Dataset excerpts:
* * *
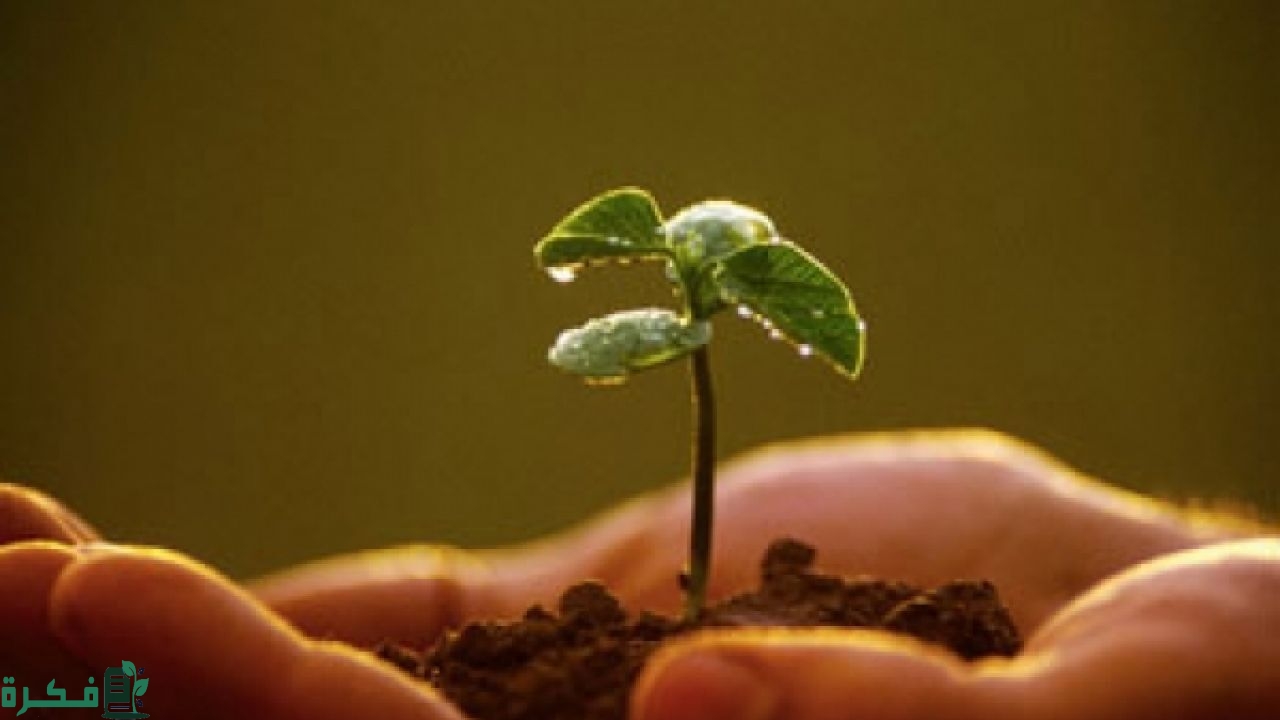 نصائح قبول العمل الصالح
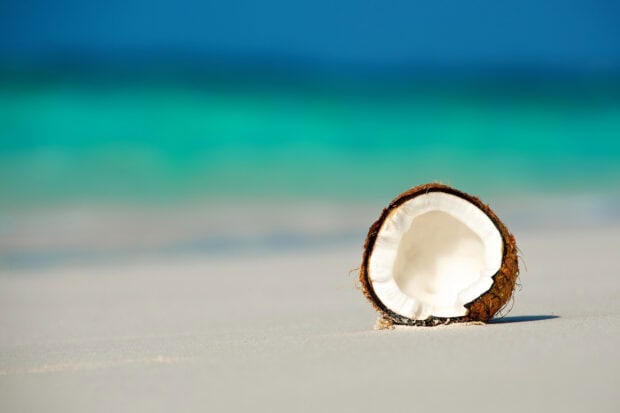 A half coconut resting on white sand near turquoise ocean water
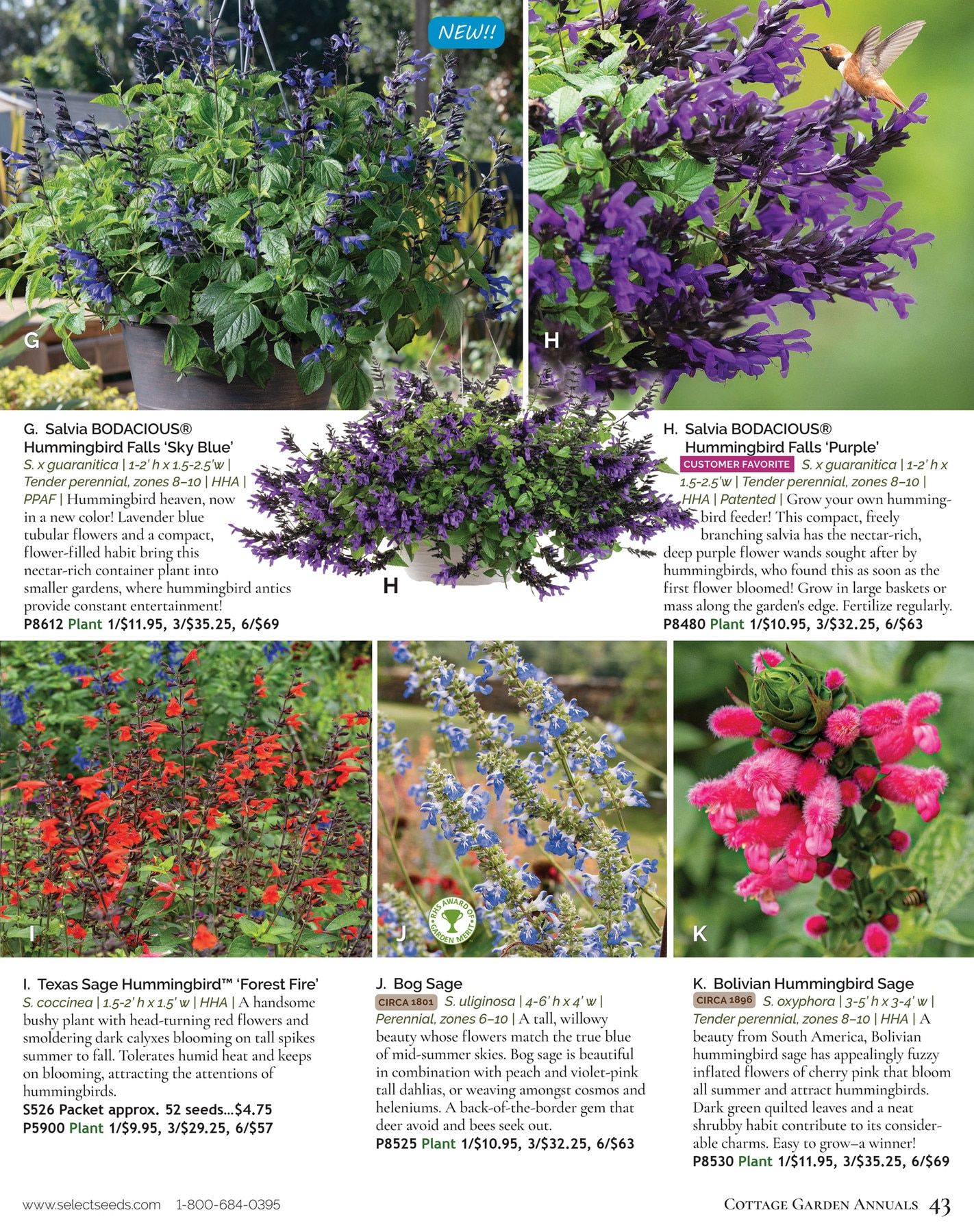 Select Seeds Annual Catalog Weekly Ad January 1 - December 31, 2026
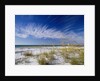 Sea Oats and White Sand Dunes by Anonymous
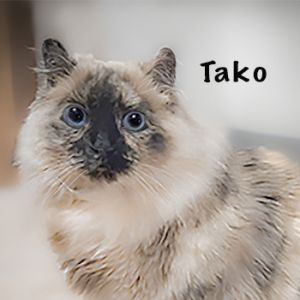 petfinder ragdoll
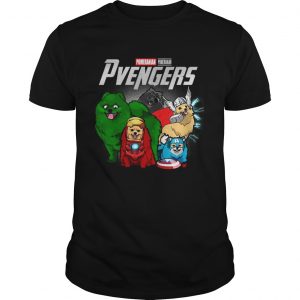 Pomeranian Pvengers Marvel avengers endgame unisex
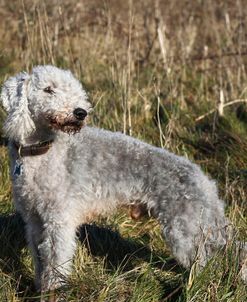 Bedlington Terrier 15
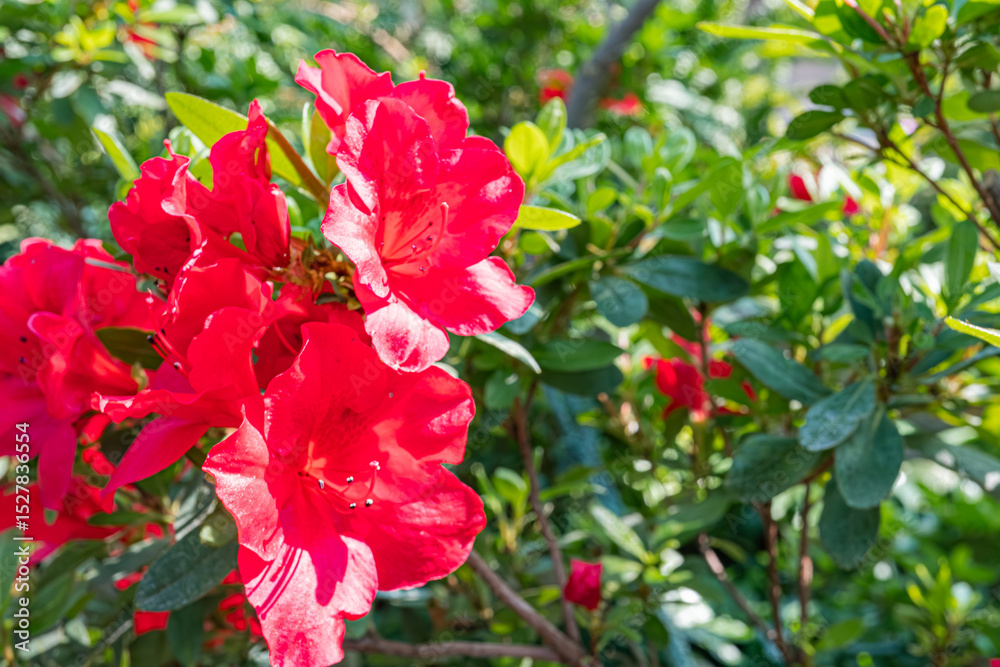 Fototapeta premium Close-up photo of bright red, glossy flowers in full bloom against a blurred green background Ideal for advertising materials conveying vitality, growth, or seasonal themes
* * *
ABOUT THIS EXERCISE
Could you transcribe exactly the lines from the start of the records through the line containing "Bedlington Terrier 15", both ends included, leaving the pictures out?

RESPONSE AREA
 نصائح قبول العمل الصالح
 A half coconut resting on white sand near turquoise ocean water
 Select Seeds Annual Catalog Weekly Ad January 1 - December 31, 2026
 Sea Oats and White Sand Dunes by Anonymous
 petfinder ragdoll
 Pomeranian Pvengers Marvel avengers endgame unisex
 Bedlington Terrier 15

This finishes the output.